Go to hell, Mom!
That was the essential and overriding sentiment in an obituary of a Minnesota woman published this week.
The 105-word "memorial" in a small-town newspaper in Minnesota was unquestionably blunt. The Redwood Falls Gazette in Redwood Falls, Minn., — population 5,254 — removed the paid obituary from its website this week after it sparked an outcry from many readers who argued it went too far.
The notice opens like a typical obituary. Kathleen Dehmlow (nee Schunk) was born in 1938 in Wabasso, Minn., and married Dennis Dehmlow 19 years later. The couple had two children: Gina and Jay.
By the third paragraph, the death notice takes an unexpected turn.
"In 1962, she became pregnant by her husband's brother Lyle Dehmlow and moved to California," it reads. "She abandoned her children, Gina and Jay who were then raised by her parents in Clements, Mr. and Mrs. Joseph Schunk."
The obituary ends on particularly harsh and bitter note.
"She passed away on May 31, 2018 in Springfield and will now face judgement. She will not be missed by Gina and Jay, and they understand that this world is a better place without her."
The unmitigated anger expressed in those five short paragraphs has launched a debate on social media about what's reasonable to say about the dead, says Heather Lende author of Find the Good: Unexpected Life Lessons from a Small-Town Obituary Writer.
"At its very basic level, an obituary is a death announcement in the paper with a biography," Lende tells Here & Now's Robin Young. "I don't think there's any reason to pass judgement. If there's nothing nice to say, you just stick to the basic biographical outline and leave it at that."
One relative, Dwight Dehmlow, told the Star Tribune that while the facts in the obituary are true, it provided an incomplete picture of Kathleen Dehmlow's life.

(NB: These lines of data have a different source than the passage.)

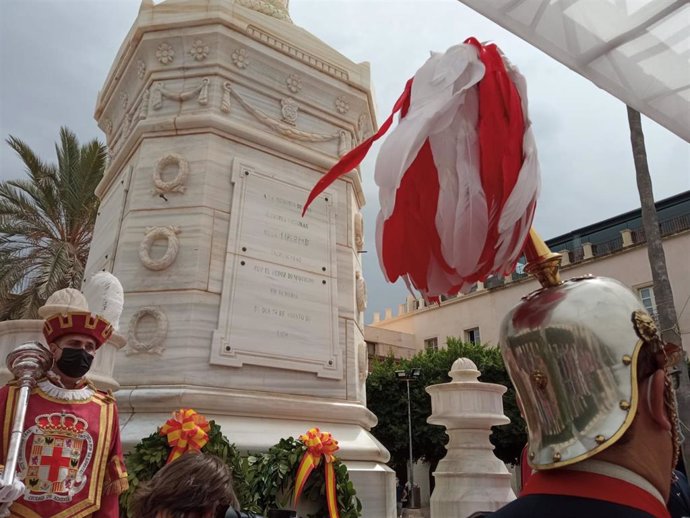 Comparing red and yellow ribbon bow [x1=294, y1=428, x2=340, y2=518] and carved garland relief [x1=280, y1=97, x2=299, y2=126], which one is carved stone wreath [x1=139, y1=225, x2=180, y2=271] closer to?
carved garland relief [x1=280, y1=97, x2=299, y2=126]

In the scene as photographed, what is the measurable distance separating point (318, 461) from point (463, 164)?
4123 mm

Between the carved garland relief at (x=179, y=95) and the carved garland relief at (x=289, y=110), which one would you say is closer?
the carved garland relief at (x=179, y=95)

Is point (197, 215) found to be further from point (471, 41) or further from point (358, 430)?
point (471, 41)

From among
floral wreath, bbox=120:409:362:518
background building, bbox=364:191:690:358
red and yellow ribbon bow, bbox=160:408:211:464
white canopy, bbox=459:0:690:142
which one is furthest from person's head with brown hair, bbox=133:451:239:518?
background building, bbox=364:191:690:358

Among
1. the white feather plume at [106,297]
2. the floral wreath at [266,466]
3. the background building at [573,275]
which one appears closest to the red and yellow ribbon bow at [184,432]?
the floral wreath at [266,466]

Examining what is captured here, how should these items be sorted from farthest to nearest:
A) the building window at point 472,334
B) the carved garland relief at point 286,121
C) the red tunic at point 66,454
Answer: the building window at point 472,334 < the carved garland relief at point 286,121 < the red tunic at point 66,454

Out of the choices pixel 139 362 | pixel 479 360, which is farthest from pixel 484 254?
pixel 479 360

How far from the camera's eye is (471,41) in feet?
4.85

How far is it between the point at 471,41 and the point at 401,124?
319 mm

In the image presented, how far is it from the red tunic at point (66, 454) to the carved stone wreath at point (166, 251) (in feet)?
7.61

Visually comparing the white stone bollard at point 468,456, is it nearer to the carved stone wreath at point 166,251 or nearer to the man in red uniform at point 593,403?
the carved stone wreath at point 166,251

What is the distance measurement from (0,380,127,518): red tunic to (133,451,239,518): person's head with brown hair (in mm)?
1841

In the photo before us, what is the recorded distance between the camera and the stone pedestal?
215 inches

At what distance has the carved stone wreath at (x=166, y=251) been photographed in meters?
5.81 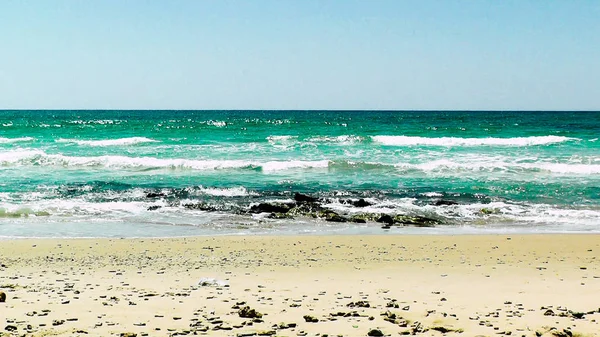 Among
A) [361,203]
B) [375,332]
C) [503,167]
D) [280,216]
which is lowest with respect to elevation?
[280,216]

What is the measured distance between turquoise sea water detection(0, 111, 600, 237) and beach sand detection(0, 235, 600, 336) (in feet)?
5.70

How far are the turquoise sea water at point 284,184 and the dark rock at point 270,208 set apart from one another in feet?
1.06

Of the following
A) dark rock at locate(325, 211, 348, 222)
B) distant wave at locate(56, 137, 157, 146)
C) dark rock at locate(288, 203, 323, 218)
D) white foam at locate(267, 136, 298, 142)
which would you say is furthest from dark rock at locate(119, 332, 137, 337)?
white foam at locate(267, 136, 298, 142)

"There is more to it than this. It's not that simple," he said. "She made a mistake 60 years ago, but who hasn't? Has she regretted it over the years? Yes."
Dehmlow added that Kathleen had been living in a nursing home for the past year, and she died with her sisters by her side.
The incident also prompted legacy.com to review its standards after the obituary also appeared on the global online obituary website.
"Because the content standards of our newspaper partners are extremely high, we haven't needed to implement independent standards in this area," CEO and founder Stopher Bartol said in a statement. "That said, we take very seriously the trust placed in us by our partners and the families we together serve, and we will review and re-evaluate our procedures as necessary."
It's not uncommon for family members to speak about the dead in jaded tones. Last year, the family of Leslie Ray Charping of Galveston, Tex., posted a scathing remembrance of him outlining his hobbies, which "included being abusive to his family, expediting trips to heaven for the beloved family pets and fishing."
Family members are often driven by simple motivations – catharsis, animosity, resentment – in writing these types of obituaries, says Susan Soper, an expert on obituaries who advises people on writing them.
"People don't generally speak ill of the dead," Soper told The Washington Post. "But not always. There are plenty of obituaries that have been very honest and truthful about the hurt someone has caused – or the misdeeds they have committed."
The Daily Mail quotes Kathleen's son, Jay Dehmalo, who changed his last name to distance himself from his family, as saying that he and his sister knew there would be backlash, but they are glad to have published what they say is the truth about their mother.
"It helped us [to write this]," Dehmalo said. "We wanted to finally get the last word."